## Work request
Work through the listing below and give again exactly the lines from the one with "Stylish Modern Dining" to the one with "Шторы нити Радуга", both ends included. All other lines and all pictures stay out.

****

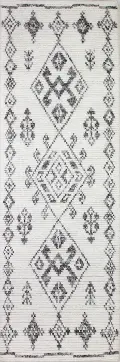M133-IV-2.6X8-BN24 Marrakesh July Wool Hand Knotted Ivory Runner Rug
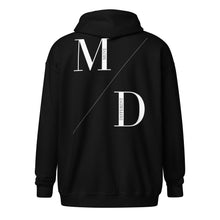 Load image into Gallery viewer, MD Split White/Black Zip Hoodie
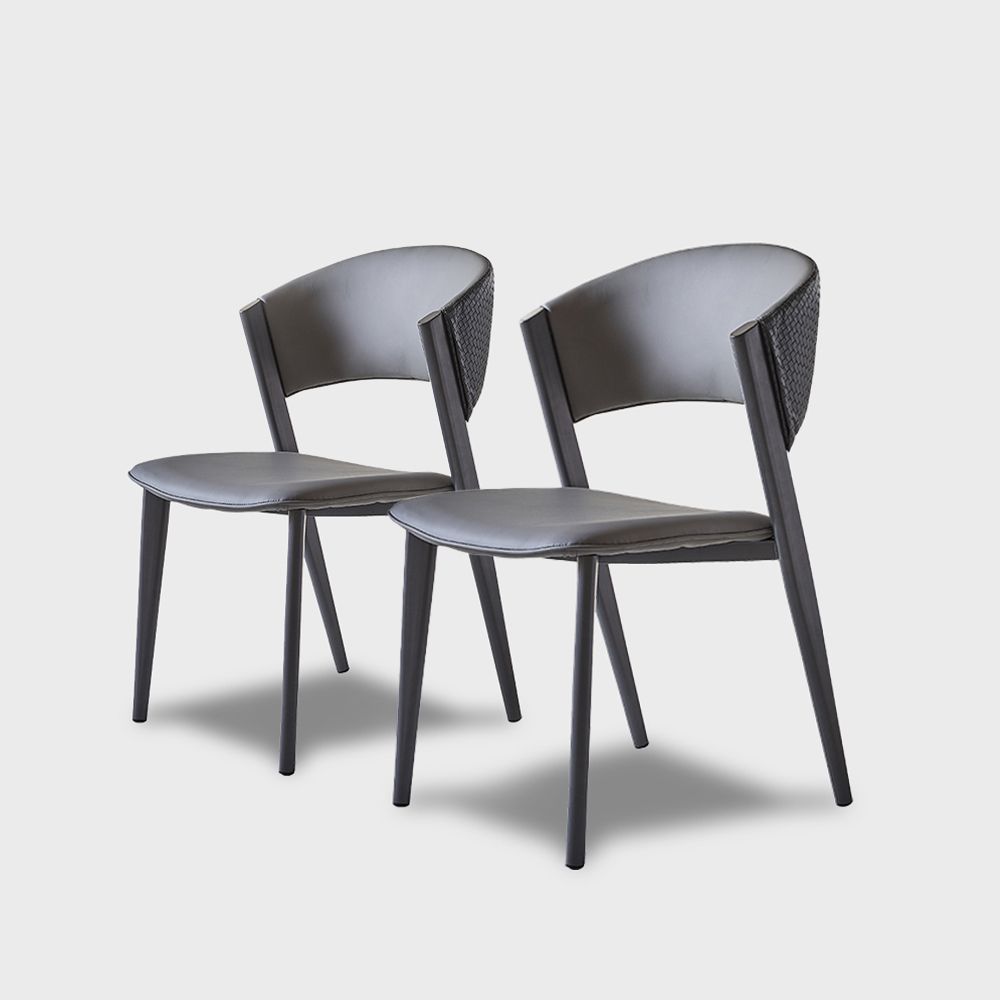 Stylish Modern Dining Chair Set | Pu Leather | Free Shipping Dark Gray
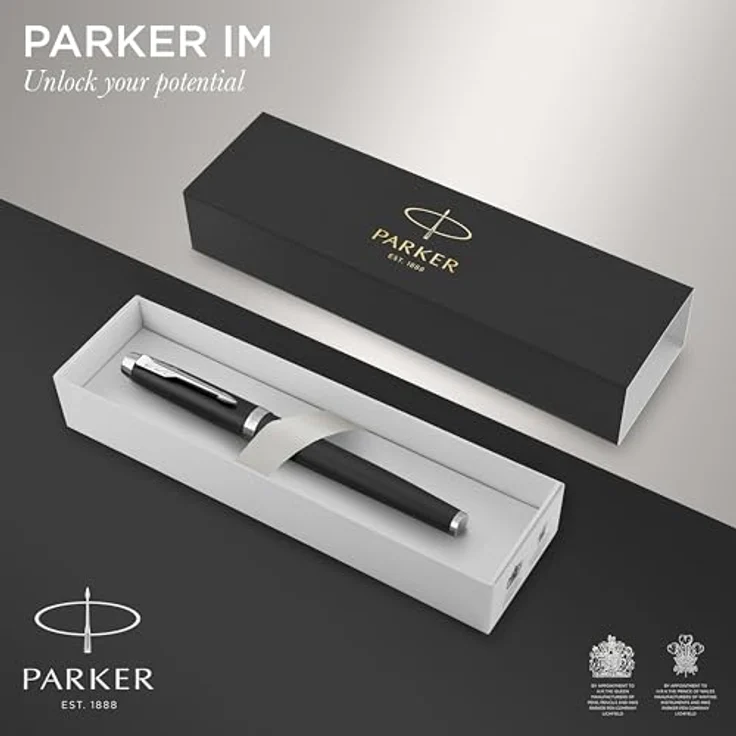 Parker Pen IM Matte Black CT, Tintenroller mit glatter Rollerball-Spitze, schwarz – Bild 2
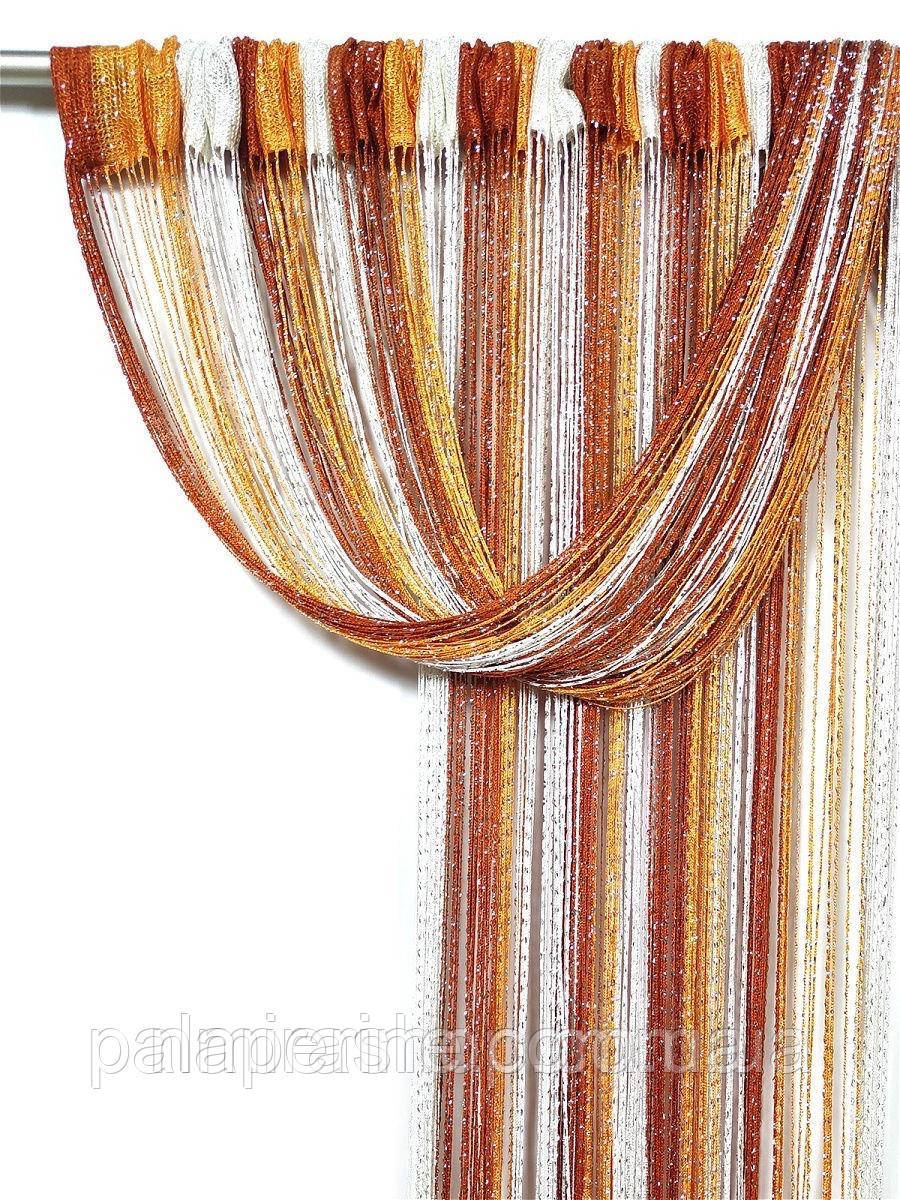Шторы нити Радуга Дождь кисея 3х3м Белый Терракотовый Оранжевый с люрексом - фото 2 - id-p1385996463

****

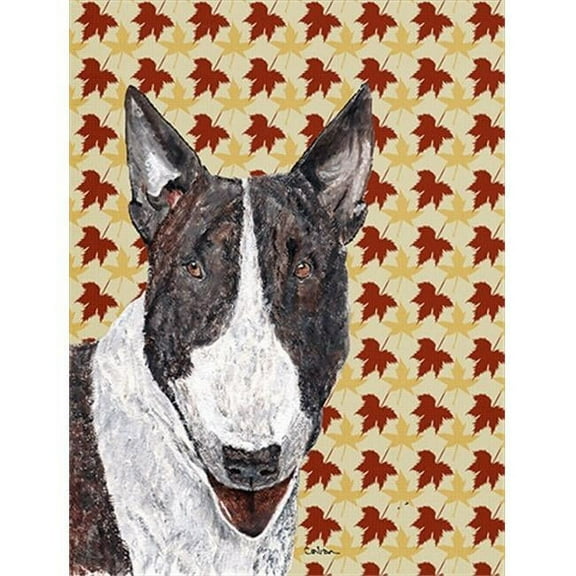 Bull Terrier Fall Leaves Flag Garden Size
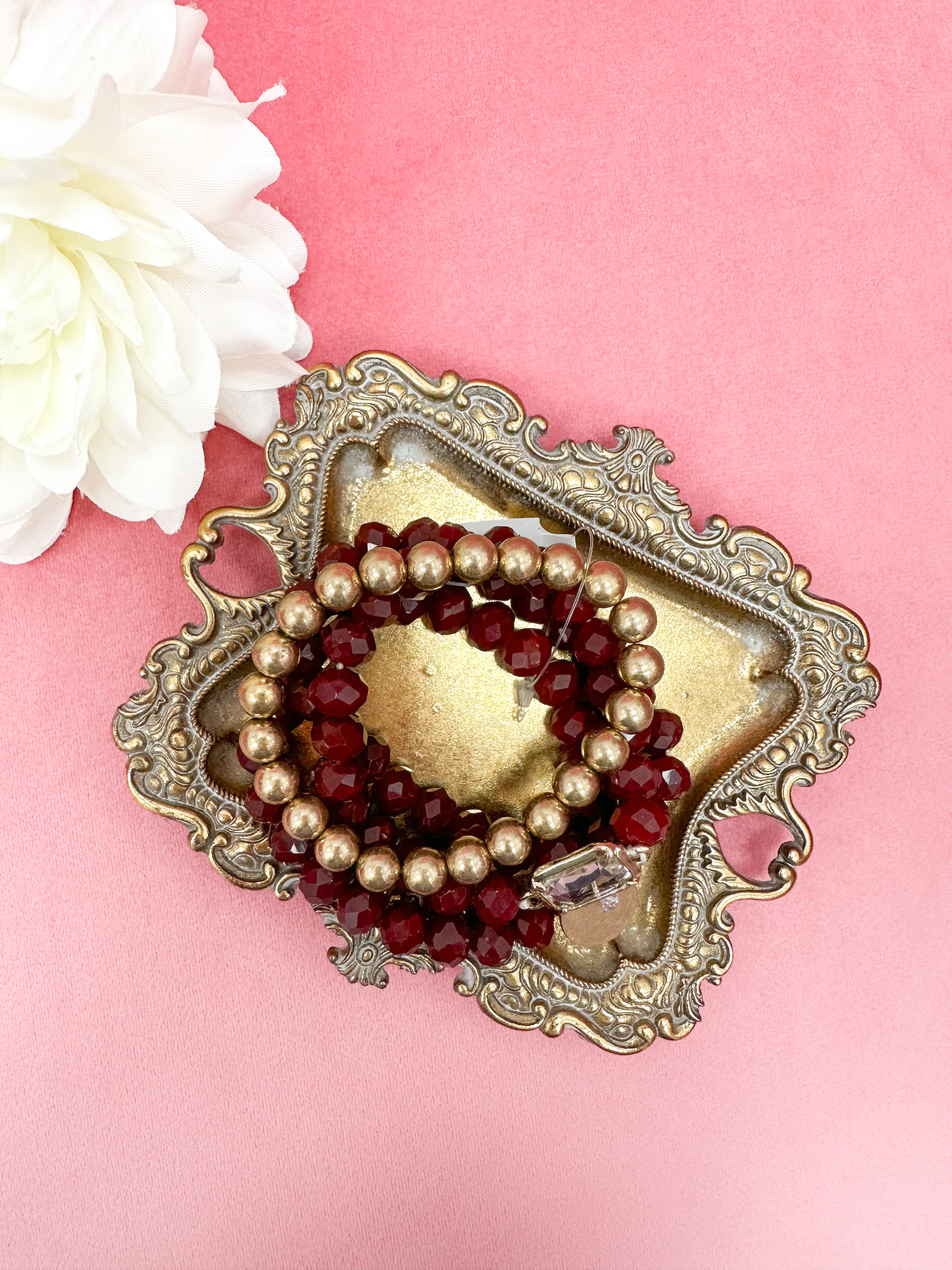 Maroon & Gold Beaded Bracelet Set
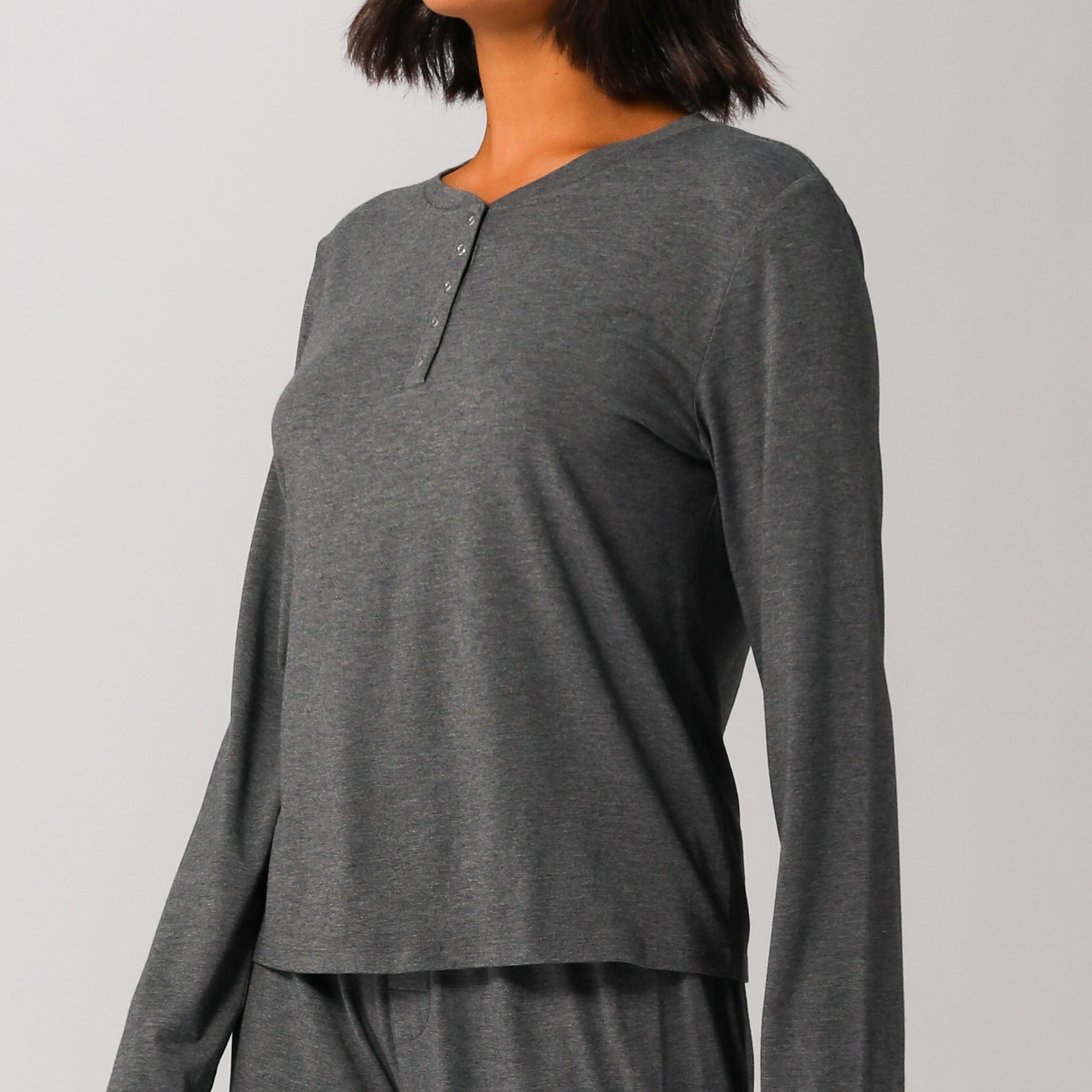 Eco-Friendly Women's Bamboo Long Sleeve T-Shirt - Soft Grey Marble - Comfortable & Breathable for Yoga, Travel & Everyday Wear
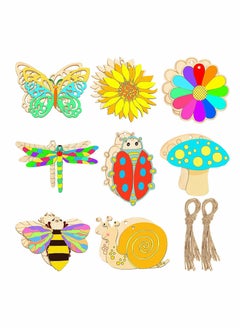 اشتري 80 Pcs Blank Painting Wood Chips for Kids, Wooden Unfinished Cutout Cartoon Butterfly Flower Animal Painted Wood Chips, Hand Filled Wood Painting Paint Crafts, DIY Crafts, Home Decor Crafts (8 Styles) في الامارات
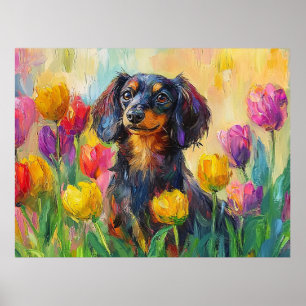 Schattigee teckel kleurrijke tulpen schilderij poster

****

## Reply
 Stylish Modern Dining Chair Set | Pu Leather | Free Shipping Dark Gray
 Parker Pen IM Matte Black CT, Tintenroller mit glatter Rollerball-Spitze, schwarz – Bild 2
Шторы нити Радуга Дождь кисея 3х3м Белый Терракотовый Оранжевый с люрексом - фото 2 - id-p1385996463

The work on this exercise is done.